Fines and new punishments
The moment Democratic lawmakers fled the state earlier this month, Republicans began clamoring for ways to hold them accountable — from burying Democrats in fines and stripping them of their committee vice chairmanships to kicking them out of their duly elected offices.
By the time Democrats returned two weeks later, Abbott had called a new special session with virtually the same agenda that stalled in the first, and Burrows was promising to muscle through every item on the call, “and even some more.”
Legislation Democrats oppose was put on a fast track to passage, with the so-called bathroom bill and abortion pill clampdown both set for a hearing last week as soon as the map cleared the House. Burrows said he expected to complete the governor’s agenda by Labor Day weekend, almost two weeks before the 30-day session times out.
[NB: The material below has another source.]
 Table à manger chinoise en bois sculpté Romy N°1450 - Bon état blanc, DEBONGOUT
“There’s a definite loss from a negotiating standpoint on many other bills that we did not want to see hit the floor,” said Rep. Terry Canales of Edinburg, a Democrat who did not participate in the walkout.
The House adopted the new map along party lines on Wednesday, releasing Democratic lawmakers from the around-the-clock police escort Burrows had imposed to ensure their attendance.
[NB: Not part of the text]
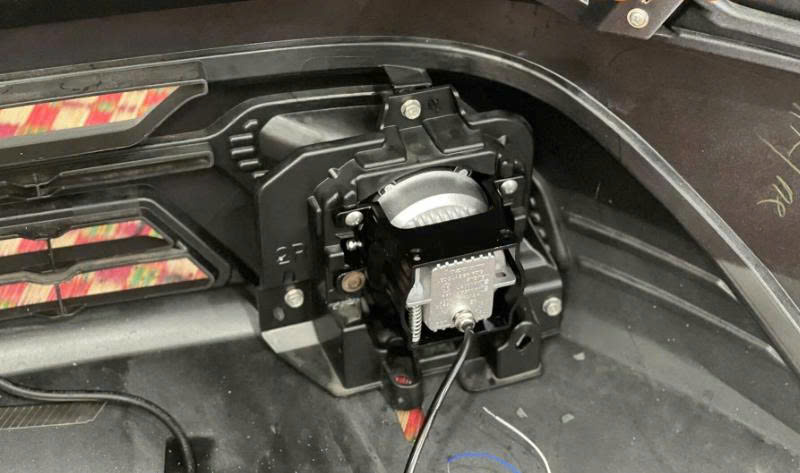 Bi led gầm Xpander Aozoom WASP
Just over an hour later, Abbott expanded the session agenda to include punishments for lawmakers who “willfully absent themselves” to block the passage of legislation.
New penalties are needed, Abbott said in a press release, “to ensure that rogue lawmakers cannot hijack the important business of Texans during a legislative session by fleeing the state.”
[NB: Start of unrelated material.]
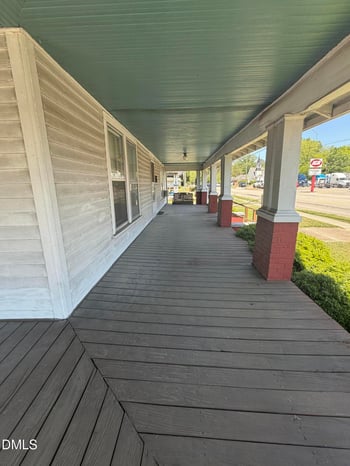 209 Pollock St, Selma, NC 27576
Republican lawmakers have filed bills in both chambers that would declare a member’s seat vacant if they are absent for seven consecutive days without permission. The proposal swiftly picked up enough joint and coauthors in the House to pass the chamber, with several key Republicans in leadership signing on. And another measure — designated House Bill 18, signaling it has Burrows’ blessing — would limit political donations to lawmakers who leave the state to stall legislative action, with stiff fines for violators.
The absent Democrats were already subject to daily fines while they were away on their latest quorum break. The final tally amounted to $9,354 for each member, including $500-per-person penalties for every day of the walkout and certain costs incurred in securing their attendance.
“The fines are, for sure, going to be a big issue,” Rep. Jeff Leach, R-Allen, said. “We’re not going to just let those go away.”
Upon the Democrats’ return, Burrows said the House would remain a chamber where “the minority has the right to be heard.” But he underscored that it would also be one where “the majority has the right to prevail,” and by the end of Wednesday, he was heralding a “new chapter of Republican unity” ushered in by the map’s passage.
“These past few weeks have not been easy, but the House members who showed up for work every day have shown a dedication to their constituents that will not be forgotten,” he said. “I am proud to have led my colleagues in this important achievement.”